Simply put, abortion isn’t just a matter of choice, it’s often a matter of life or death. And conservative attitudes towards abortion, whether here at home or abroad, reflect a failure to understand that reproductive autonomy and choice are inextricably linked with women’s equality.

Which brings us back to Trump…and Pence. The harm this administration has caused to women and girls in their 421 days in office, both here at home and around the world, has frankly been astounding. On the back of the reinstatement and expansion of the Gag Rule, this administration has also defunded the United Nations Populations Fund, the leading UN agency dedicated to sexual and reproductive health, gutted key offices related to the promotion of gender equality around the world, and even censored information about women’s reproductive health and rights in the State Department’s annual human rights reports. And that’s just internationally.
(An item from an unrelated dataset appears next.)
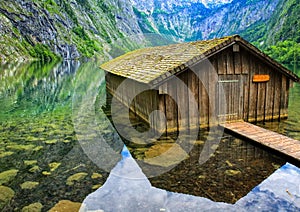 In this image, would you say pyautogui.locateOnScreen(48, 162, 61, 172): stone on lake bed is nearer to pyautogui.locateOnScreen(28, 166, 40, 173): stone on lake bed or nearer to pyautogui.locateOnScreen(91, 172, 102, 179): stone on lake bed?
pyautogui.locateOnScreen(28, 166, 40, 173): stone on lake bed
Domestically, we continue to see severe roll-backs on abortion access. Emboldened by this administration (and perhaps its Supreme Court nominees), Mississippi just passed an (unconstitutional) 15-week ban on abortion this week. A study recently found that 58% of women of reproductive age currently live in a state that is considered hostile or extremely hostile to abortion rights. By contrast, only 30% of women live in states that are considered “supportive” of abortion rights. These attacks aren’t limited to the legislative level. At the Office of Refugee Resettlement, Scott Lloyd has used his power to deny young immigrant women in detention access to abortion, and in one case, considered attempting to “reverse” an abortion—a procedure not grounded in scientific evidence or medicine. Practices that may also likely amount to torture, cruel, inhuman and degrading treatment in violation of US abortions under international human rights law.
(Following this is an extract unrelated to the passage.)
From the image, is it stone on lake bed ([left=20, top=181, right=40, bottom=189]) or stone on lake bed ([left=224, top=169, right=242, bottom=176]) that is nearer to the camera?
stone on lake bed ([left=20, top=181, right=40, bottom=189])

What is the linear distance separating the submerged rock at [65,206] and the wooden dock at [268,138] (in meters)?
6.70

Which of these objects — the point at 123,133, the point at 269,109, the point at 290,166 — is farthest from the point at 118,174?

The suppression of information and science is a reoccurring theme, whether it’s through provisions that compel speech from doctors like Dr. Parker here to provide women with false information about the dangers of abortion, or conversely, prevent doctors from providing information to women about their options or referral to safe services. Such mis- or dis-information is related to the same fear—that if women are able to access abortion freely and without significant barriers, they may discover that they can have safe, fulfilling sex lives and maintain control over their bodies, and their lives, at the same time. A terrifying thought indeed.
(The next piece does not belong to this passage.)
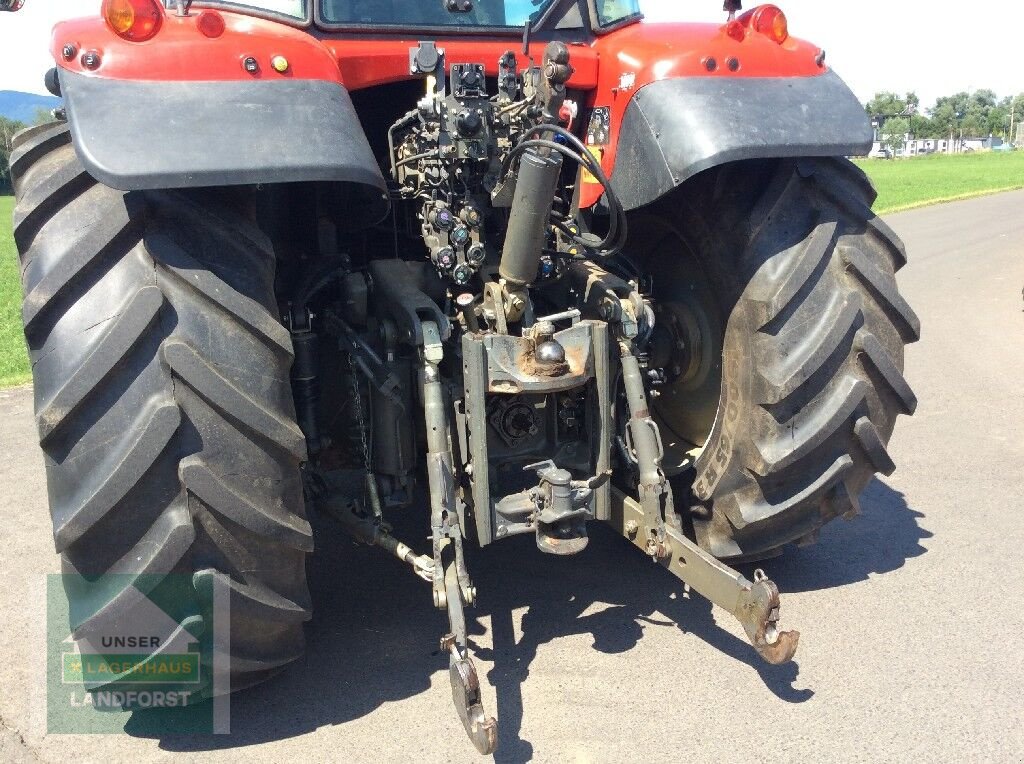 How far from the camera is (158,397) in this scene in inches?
89.7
So let’s go back to that photo. In the game of “Government Apprentice,” we seem to be playing, most if not all of those men in that photo will soon be gone. But we need to focus on how we are going to change that photo.  We need to elect feminists who are unapologetically pro-choice. We need to elect people of color and young people. That way, the next time we see that photo the people look more like this panel and this room. And so that it’s about the signing of a piece of legislation that actually promotes women’s rights. Maybe even, dare I say it, provide public funding for abortion.